Curiosity observed manganese oxides in Mars rocks, which could indicate that higher levels of atmospheric oxygen once existed on our neighbouring planet, NASA researchers said.
This hint of more oxygen in Mars’ early atmosphere adds to other Curiosity findings — such as evidence of ancient lakes — showing how Earth-like our neighbouring planet once was.
“The only ways on Earth that we know how to make these manganese materials involve atmospheric oxygen or microbes,” said Nina Lanza, a planetary scientist at Los Alamos National Laboratory.

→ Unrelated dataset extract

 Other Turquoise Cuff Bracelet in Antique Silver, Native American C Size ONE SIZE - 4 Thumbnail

“Now we’re seeing manganese-oxides on Mars and wondering how the heck these could have formed,” said Lanza.
Lanza used the Los Alamos-developed instrument that sits atop Curiosity to “zap” rocks on Mars and analyse their chemical make-up.

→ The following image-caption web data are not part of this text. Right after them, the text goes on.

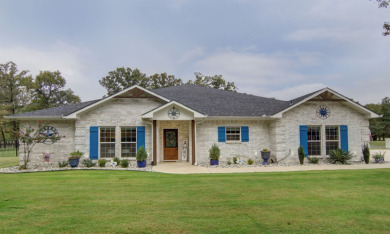 Lake Fork Home For Sale in Yantis Texas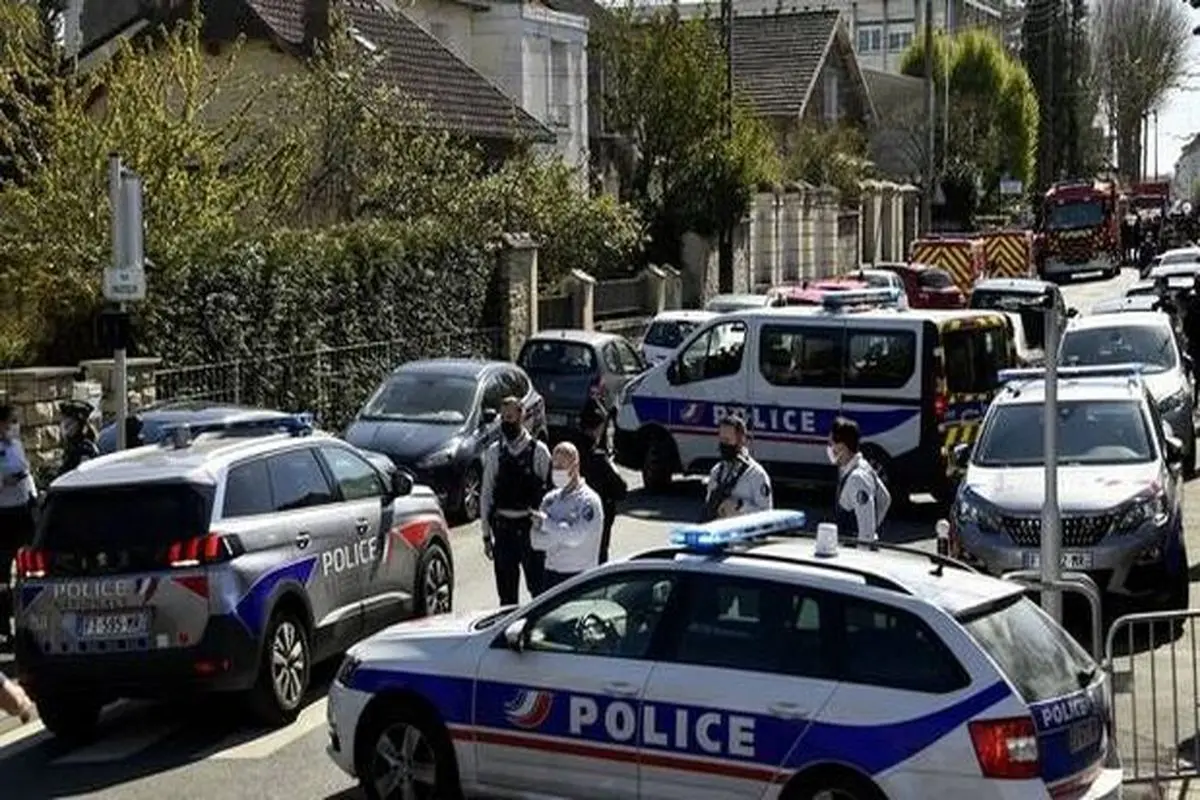 کارمند پلیس فرانسه بر اثر ضربات چاقو کشته شد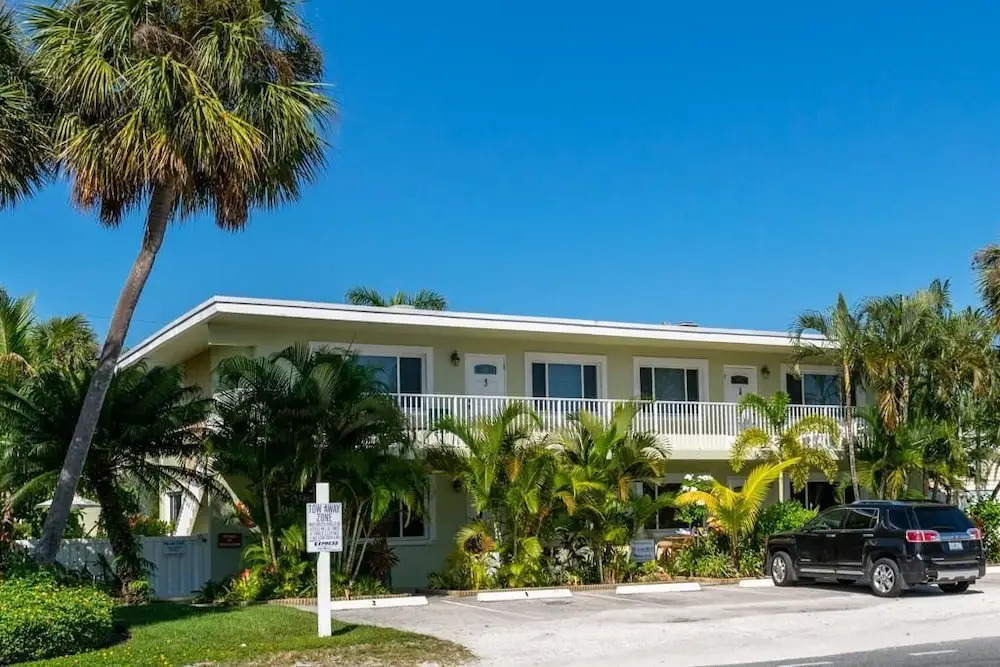 Palm Cay 5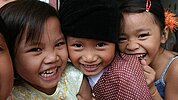Plan Spenden Mädchen helfen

In less than four years since landing on Mars, ChemCam has analysed roughly 1,500 rock and soil samples.
Microbes seem a far-fetched explanation for the manganese oxides at this point, said Lanza, but the idea that the Martian atmosphere contained more oxygen in the past than it does now seems possible.

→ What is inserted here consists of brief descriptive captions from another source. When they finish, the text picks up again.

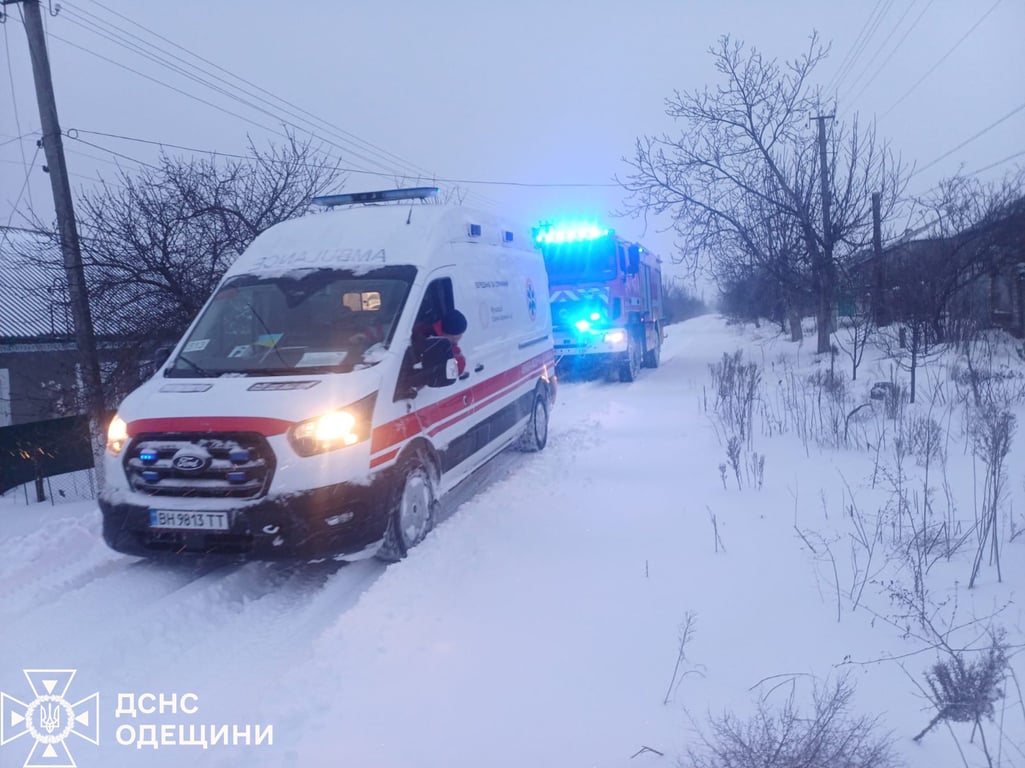 Рятувальники тягнуть машину швидкої допомоги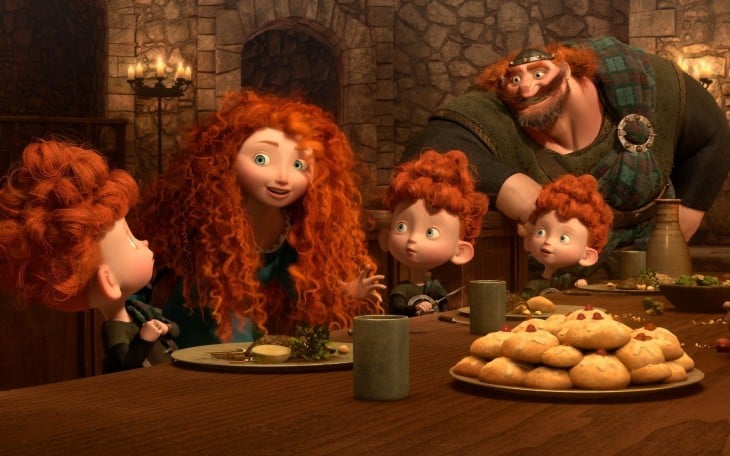 merida ofreciendo galletas imperiales a sus hermanitos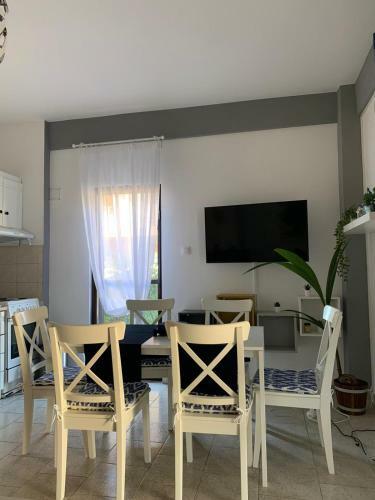 Lucas Lux Flogita Apartment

“These high-manganese materials can’t form without lots of liquid water and strongly oxidising conditions,” said Lanza.
“Here on Earth, we had lots of water but no widespread deposits of manganese oxides until after the oxygen levels in our atmosphere rose due to photosynthesising microbes,” she said.
In the Earth’s geological record, the appearance of high concentrations of manganese is an important marker of a major shift in our atmosphere’s composition, from relatively low oxygen abundances to the oxygen-rich atmosphere we see today.
The presence of the same types of materials on Mars suggests that something similar happened there.
“One potential way that oxygen could have gotten into the Martian atmosphere is from the breakdown of water when Mars was losing its magnetic field,” said Lanza.
“It’s thought that at this time in Mars’ history, water was much more abundant,” said Lanza.
Yet without a protective magnetic field to shield the surface from ionising radiation, that radiation started splitting water molecules into hydrogen and oxygen.
Due to Mars’ relatively low gravity, it wasn’t able to hold onto the very light hydrogen atoms, but the heavier oxygen atoms remained behind, researchers said.
Much of this oxygen went into the rocks, leading to the rusty red dust that covers the surface today.
While Mars’ famous red iron oxides require only a mildly oxidising environment to form, manganese oxides require a strongly oxidising environment.
These results suggest that past conditions were far more oxidising (oxygen-rich) than previously thought.